__Brief__
Below are entries; copy exactly the lines from the one with "Dog Cat Ceramic" through the one with "Reversible Summer Blanket", both included, and leave out the rest.

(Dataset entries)
++++

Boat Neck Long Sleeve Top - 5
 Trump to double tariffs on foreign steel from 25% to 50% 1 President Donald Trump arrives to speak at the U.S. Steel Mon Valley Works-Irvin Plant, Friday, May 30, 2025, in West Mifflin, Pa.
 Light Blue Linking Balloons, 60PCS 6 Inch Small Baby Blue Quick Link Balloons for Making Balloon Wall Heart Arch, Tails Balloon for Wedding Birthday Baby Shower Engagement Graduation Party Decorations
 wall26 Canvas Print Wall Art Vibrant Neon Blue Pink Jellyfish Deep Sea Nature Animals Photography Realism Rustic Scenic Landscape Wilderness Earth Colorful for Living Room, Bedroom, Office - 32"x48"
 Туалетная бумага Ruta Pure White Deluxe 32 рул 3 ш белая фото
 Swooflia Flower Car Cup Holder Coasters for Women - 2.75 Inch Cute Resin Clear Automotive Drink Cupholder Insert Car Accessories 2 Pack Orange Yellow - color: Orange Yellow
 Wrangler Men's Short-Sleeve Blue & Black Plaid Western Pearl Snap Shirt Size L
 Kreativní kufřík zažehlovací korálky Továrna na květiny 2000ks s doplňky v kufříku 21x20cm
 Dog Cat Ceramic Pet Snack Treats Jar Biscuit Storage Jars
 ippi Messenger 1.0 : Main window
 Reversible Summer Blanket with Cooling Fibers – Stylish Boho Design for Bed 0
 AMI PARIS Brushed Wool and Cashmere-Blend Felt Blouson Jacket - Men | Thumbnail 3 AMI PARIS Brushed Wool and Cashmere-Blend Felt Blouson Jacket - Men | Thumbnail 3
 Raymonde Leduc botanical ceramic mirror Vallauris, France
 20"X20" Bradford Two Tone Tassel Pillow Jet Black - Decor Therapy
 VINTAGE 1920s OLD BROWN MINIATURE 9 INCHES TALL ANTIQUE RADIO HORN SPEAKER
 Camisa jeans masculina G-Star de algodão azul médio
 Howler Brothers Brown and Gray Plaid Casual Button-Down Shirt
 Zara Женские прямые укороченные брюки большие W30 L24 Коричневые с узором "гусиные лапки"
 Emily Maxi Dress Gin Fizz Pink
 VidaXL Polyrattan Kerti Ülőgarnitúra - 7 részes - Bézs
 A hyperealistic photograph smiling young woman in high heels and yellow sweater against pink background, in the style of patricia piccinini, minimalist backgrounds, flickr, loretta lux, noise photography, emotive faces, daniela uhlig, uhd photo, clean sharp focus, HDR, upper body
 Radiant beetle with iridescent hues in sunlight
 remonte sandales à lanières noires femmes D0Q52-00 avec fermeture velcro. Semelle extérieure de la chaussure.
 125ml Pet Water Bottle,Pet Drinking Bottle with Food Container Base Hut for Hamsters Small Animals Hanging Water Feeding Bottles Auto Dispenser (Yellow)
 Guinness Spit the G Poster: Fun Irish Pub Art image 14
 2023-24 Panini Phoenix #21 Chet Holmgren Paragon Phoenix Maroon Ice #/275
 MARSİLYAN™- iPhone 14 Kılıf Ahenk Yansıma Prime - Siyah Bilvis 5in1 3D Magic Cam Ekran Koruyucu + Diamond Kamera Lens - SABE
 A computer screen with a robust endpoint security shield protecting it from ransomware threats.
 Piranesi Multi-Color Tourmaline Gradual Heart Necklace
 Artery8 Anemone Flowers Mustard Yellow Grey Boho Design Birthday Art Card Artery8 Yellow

++++

__Task result__
 Dog Cat Ceramic Pet Snack Treats Jar Biscuit Storage Jars
 ippi Messenger 1.0 : Main window
 Reversible Summer Blanket with Cooling Fibers – Stylish Boho Design for Bed 0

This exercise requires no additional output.